PHY293F - 2010

Modern Physics

Dr. Pierre Savaria
(MP129E, phy293h1f physics utoronto ca)
Office Hours: Any time I am there and free, or by appointment (see * below)
Secretary: April Seeley (MP129)

*Fixed office hours may not be convenient for some of you. So do feel welcome to drop by at any time, any week day, until 18h. If I am in my office and not otherwise busy with other people, you will have my undivided attention. If I am not around, leave a message with my keeper (April) in MP129, and I will get back to you. You can also schedule an appointment by email.
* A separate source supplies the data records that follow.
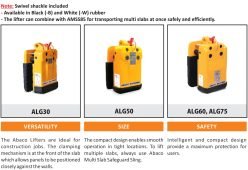 Abaco Little Giant Lifter ALG Series - On Page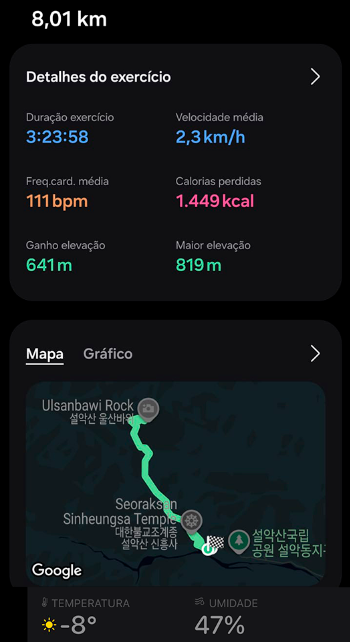 Tempo, distância, altimetria, temperatura do dia em que fizemos a trilha para a Ulsanbawi Rock.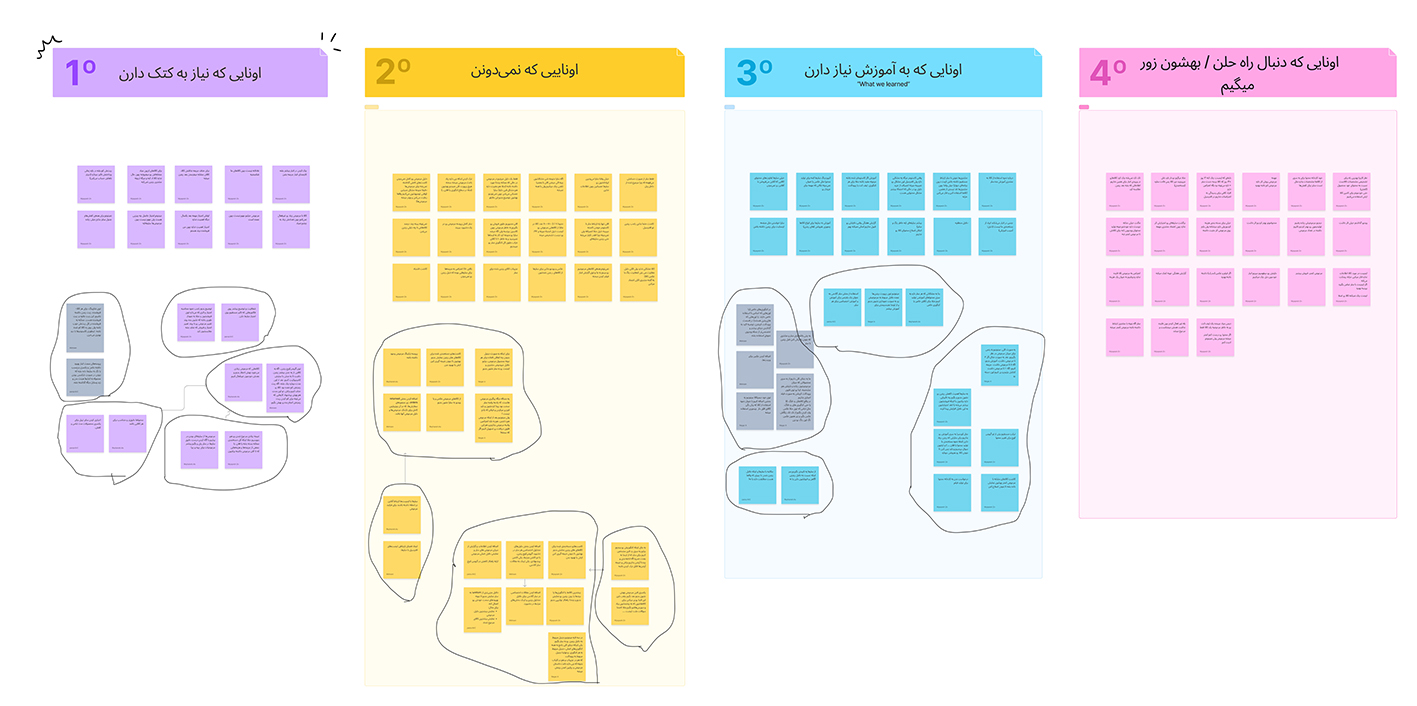 Affinity Diagram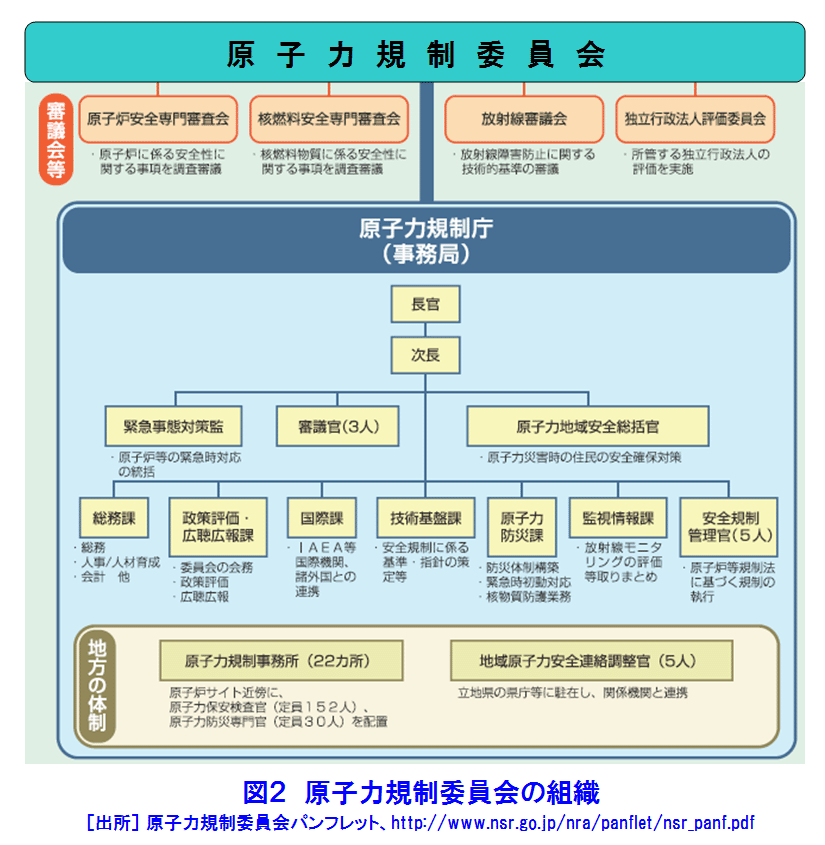 図２  原子力規制委員会の組織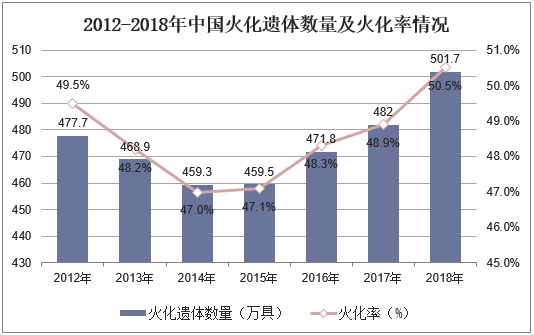 2012-2018年中国火化遗体数量及火化率情况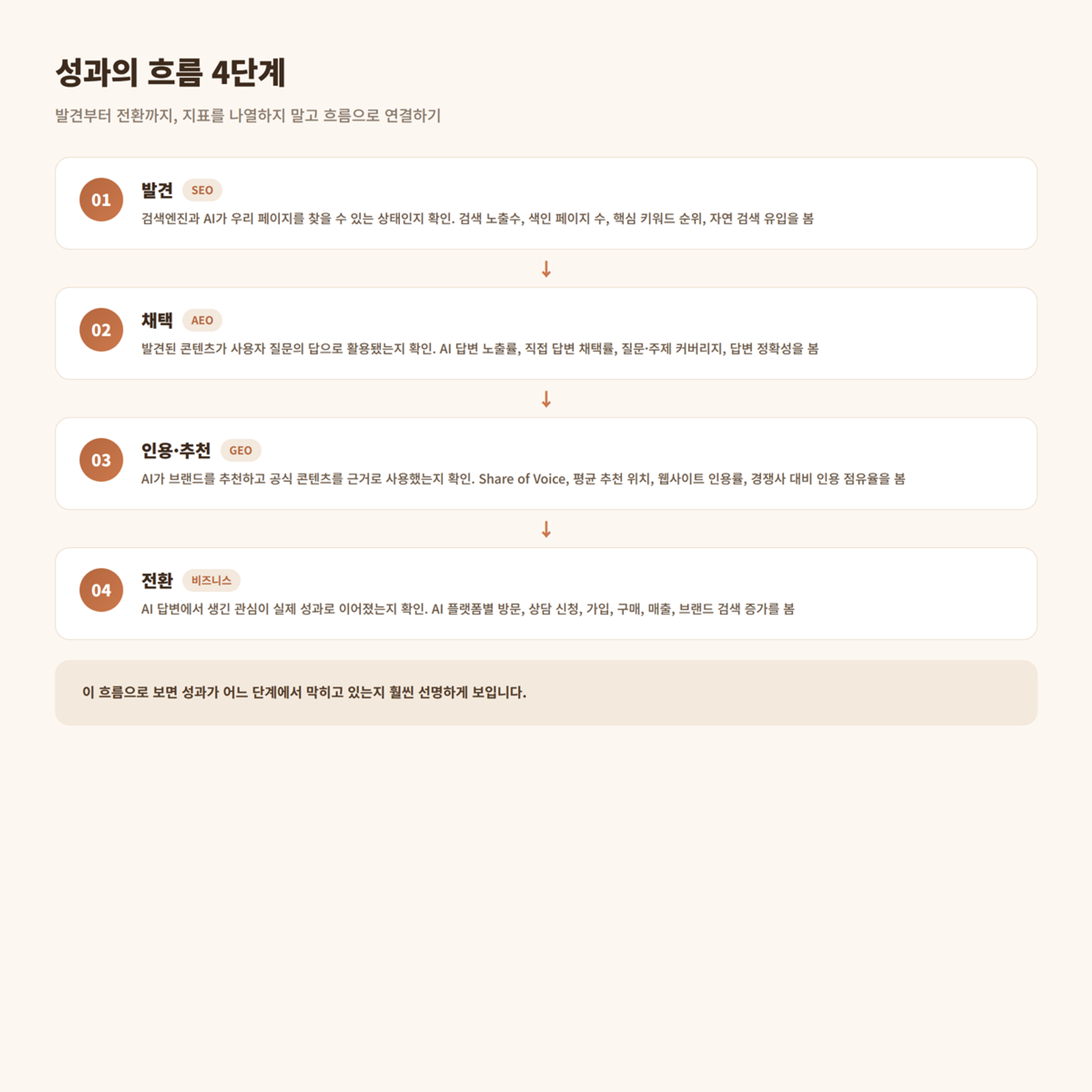 AEO,GEO, SEO 성과의 흐름 4단계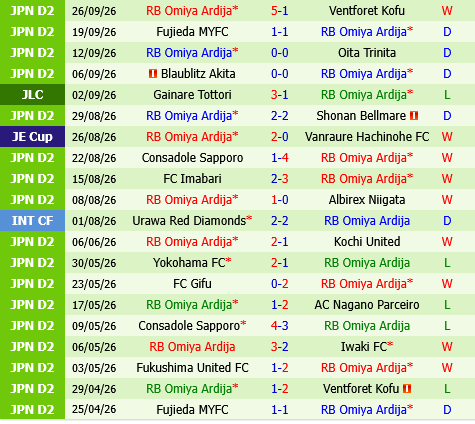 Tegevajaro Miyazaki vs Omiya Ardija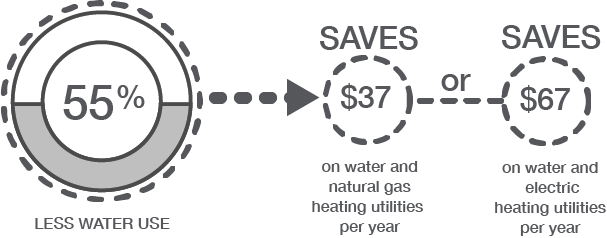 Saves $37 on water or natural gas heating utilities per year. Saves $67 on water or electric heating utilities per year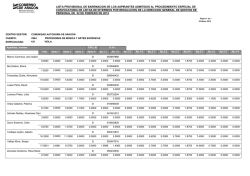 Baremo Provisional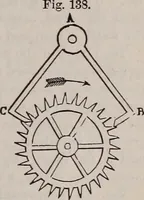 An illustration from A natural philosophy : embracing the most recent discoveries in the various branches of physics, and exhibiting the application of scientific principles in everyday life .. (1899)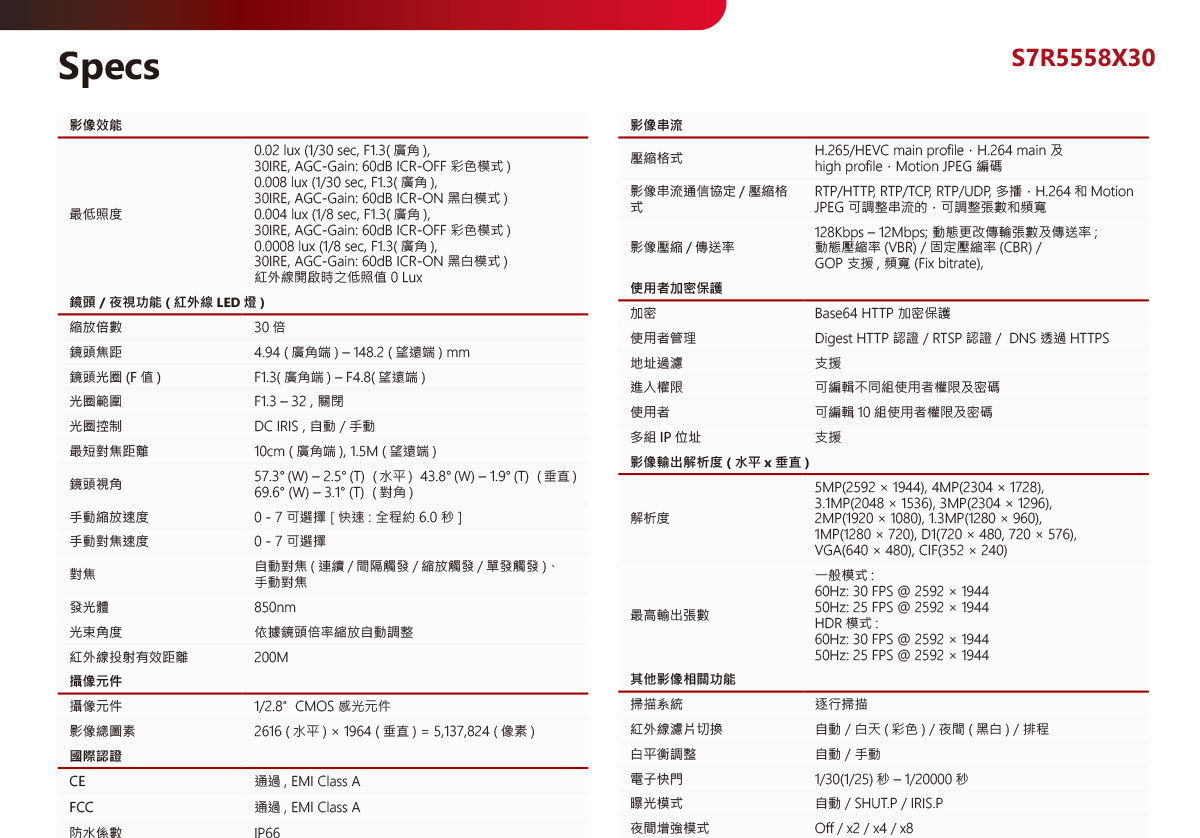 LILINS7R5558X30快速球型網路攝影機,U52680030,LILINS7R5558X30快速球型網路攝影機,原廠保固,大量採購歡迎洽詢,品質保證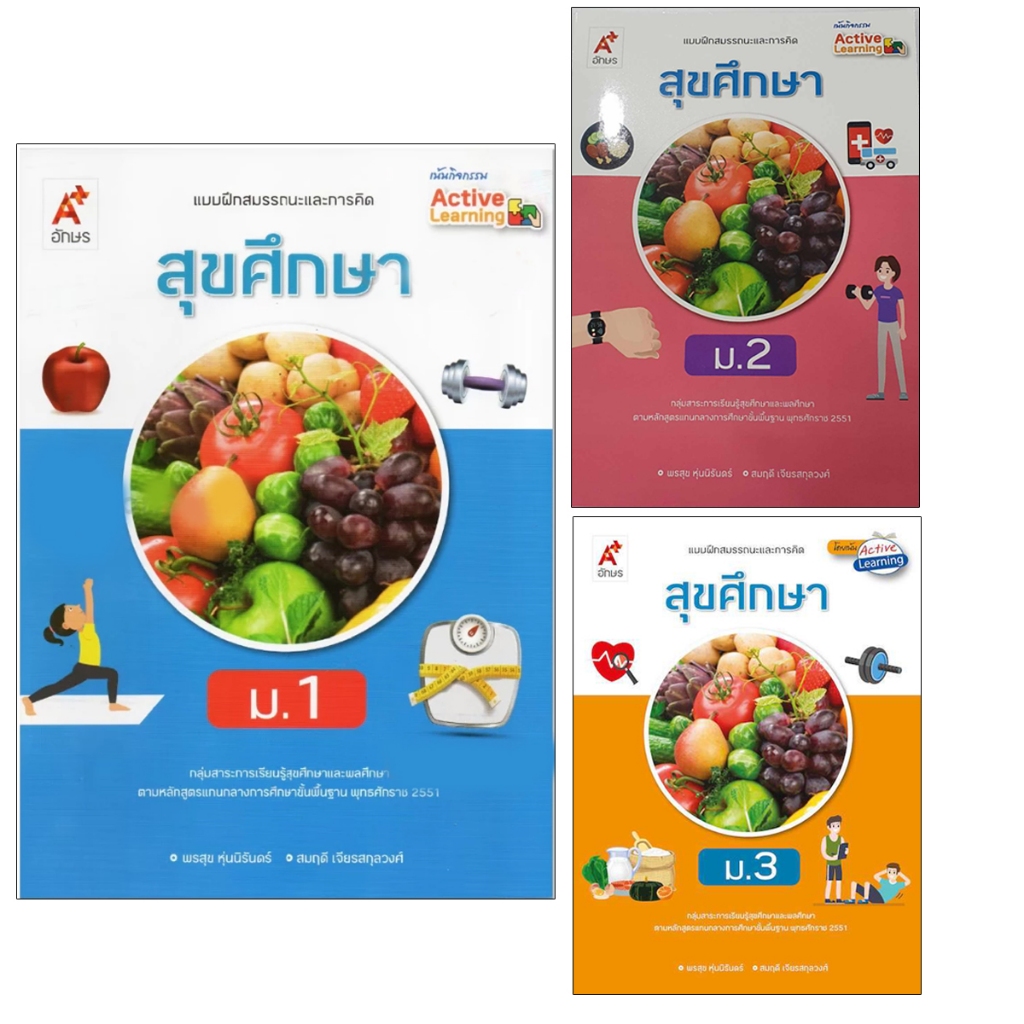 แบบฝึกสมรรถนะและการคิด ภูมิศาสตร์ ม.4-6 #อจท.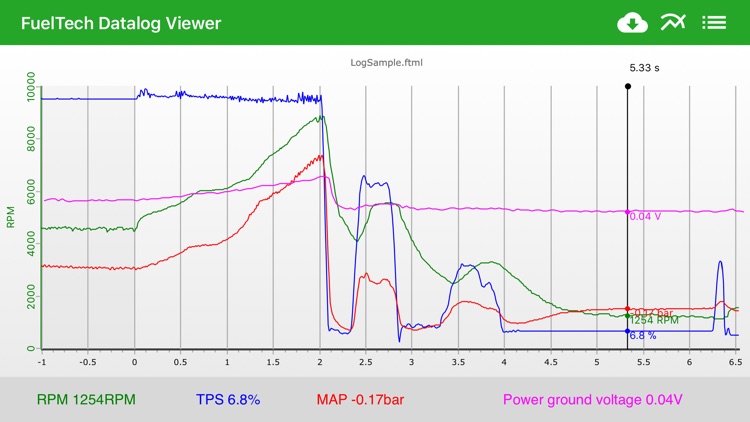 FuelTech Datalog Viewer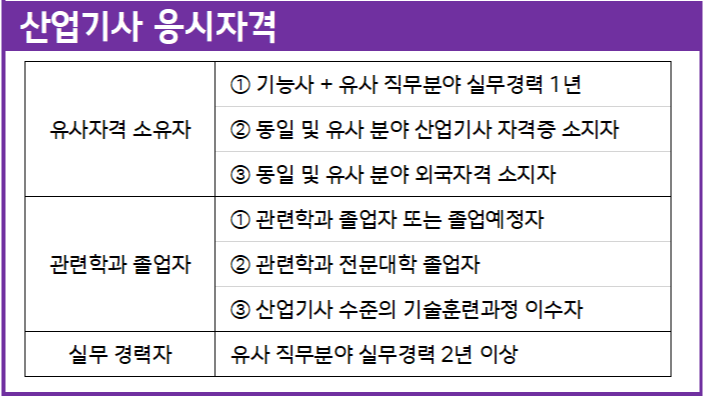 전기산업기사 응시자격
Topics | Textbook | Correspondence | Lecture Notes


After reviewing basic but essential ideas in classical mechanics, we give an introduction to Einstein's special relativity, including evidence for the frame-independence of the speed of light, time dilation, length contraction, causality, and the relativistic connection between energy and momentum. Then we follow the historical development of quantum mechanics with the photoelectric and Compton effects, Bohr's model of the atom, wave-particle duality, leading to Schrödinger's equation and wave functions with a discussion of their general properties and probabilistic interpretation.


The textbook for the Modern Physics part of the course is Quantum Mechanics by B.H. Bransden and C.J. Joachain. Copies are available in the U of T Bookstore and the Discount Bookstore. This book will be used from the 8th lecture on. For the first seven lectures, the reference will be the lecture notes. The Relativity chapter of any general first-year physics textbook (eg. Serway & Jewett) can also serve as a reference if needed.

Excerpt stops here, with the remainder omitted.